● **Information provided**
::::::

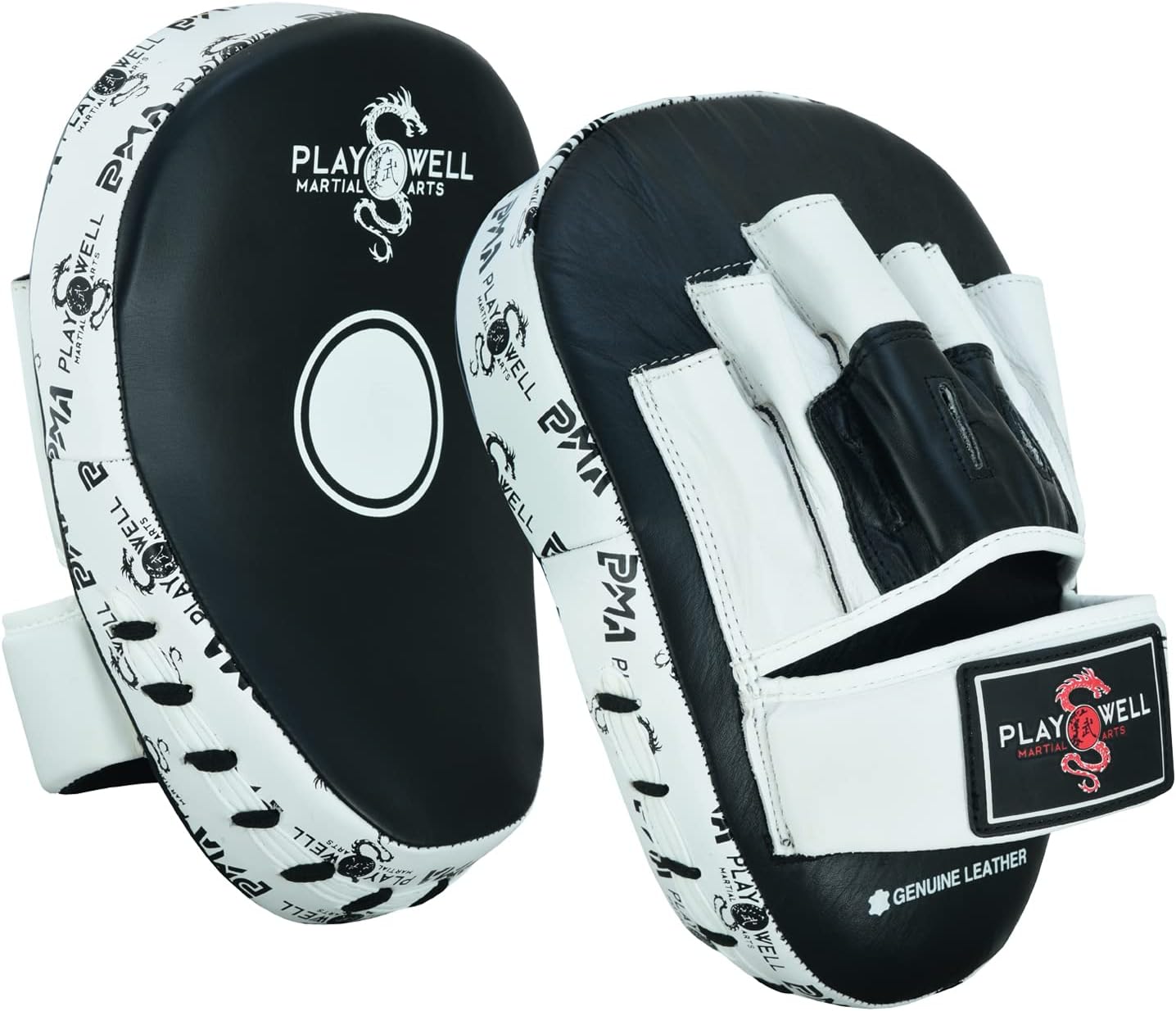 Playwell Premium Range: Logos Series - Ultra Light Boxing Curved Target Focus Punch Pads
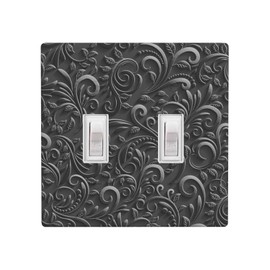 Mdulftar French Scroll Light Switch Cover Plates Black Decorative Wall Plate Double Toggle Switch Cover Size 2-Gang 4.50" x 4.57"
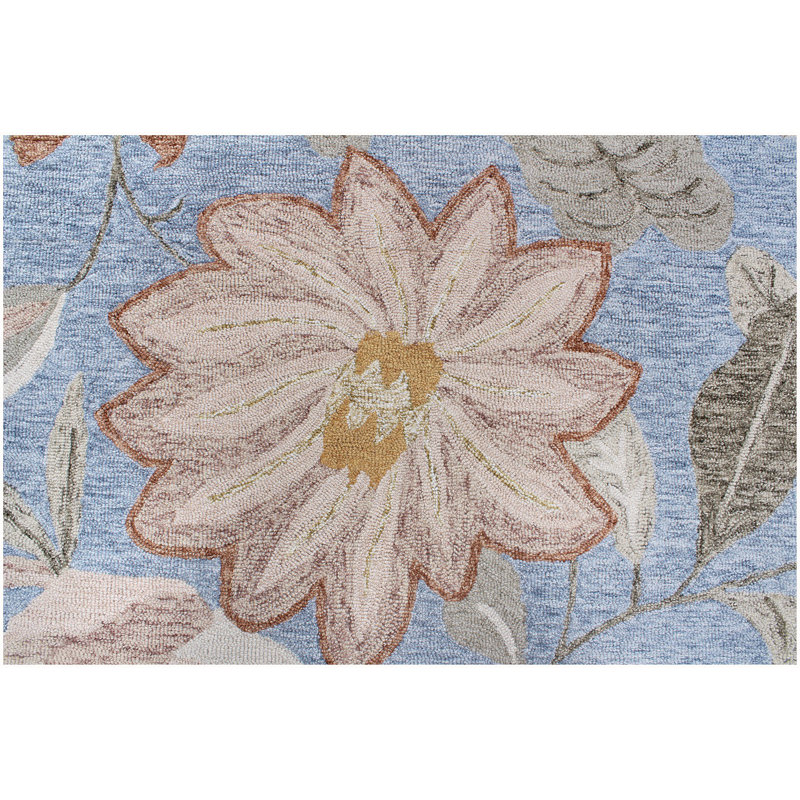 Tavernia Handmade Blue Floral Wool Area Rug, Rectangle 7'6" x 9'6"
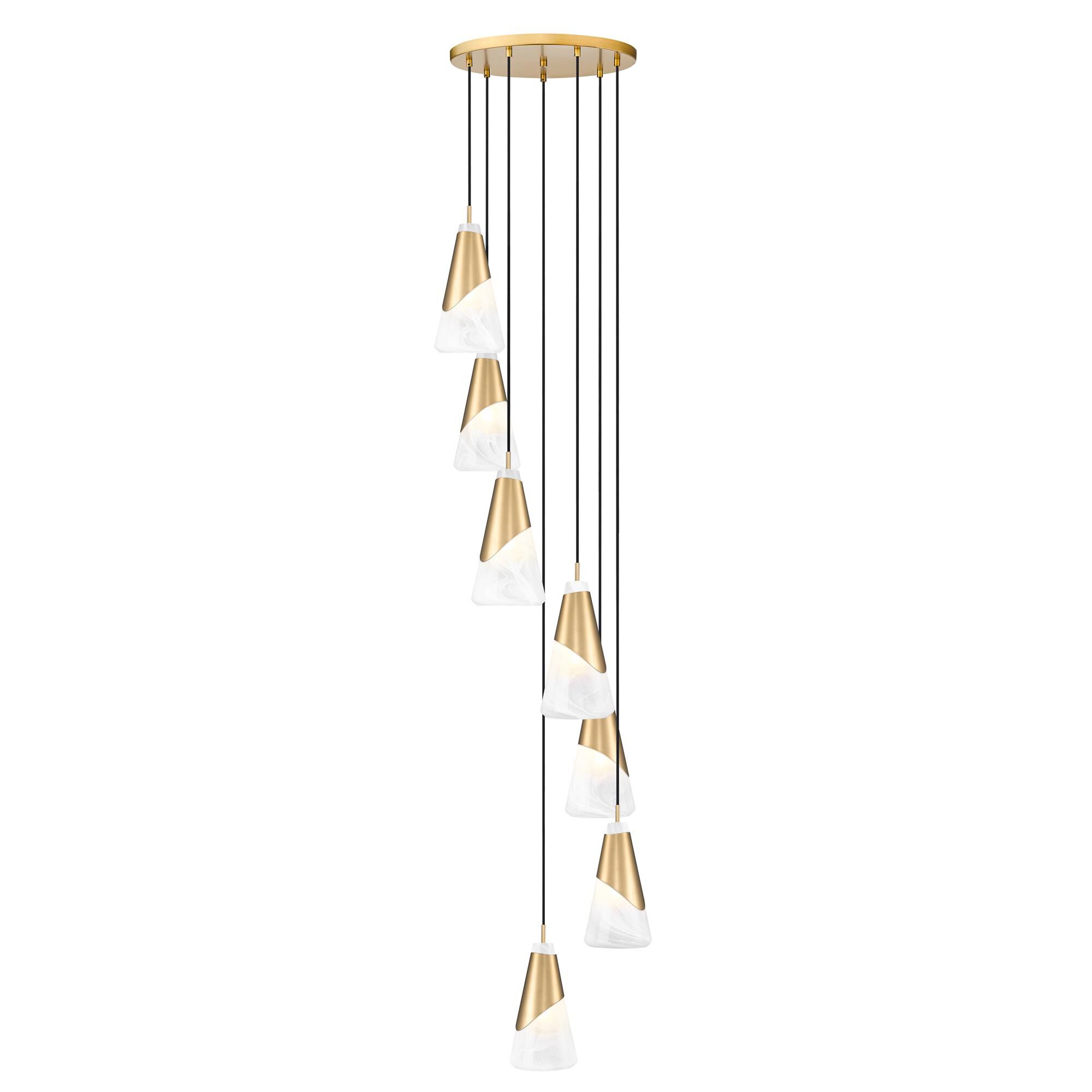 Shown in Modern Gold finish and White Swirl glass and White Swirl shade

::::::

● **Aim of the exercise**
Leave out every picture and write out exactly the lines running from the line containing "Tavernia Handmade Blue" to the end of the listing above.

● **Exercise output**
 Tavernia Handmade Blue Floral Wool Area Rug, Rectangle 7'6" x 9'6"
 Shown in Modern Gold finish and White Swirl glass and White Swirl shade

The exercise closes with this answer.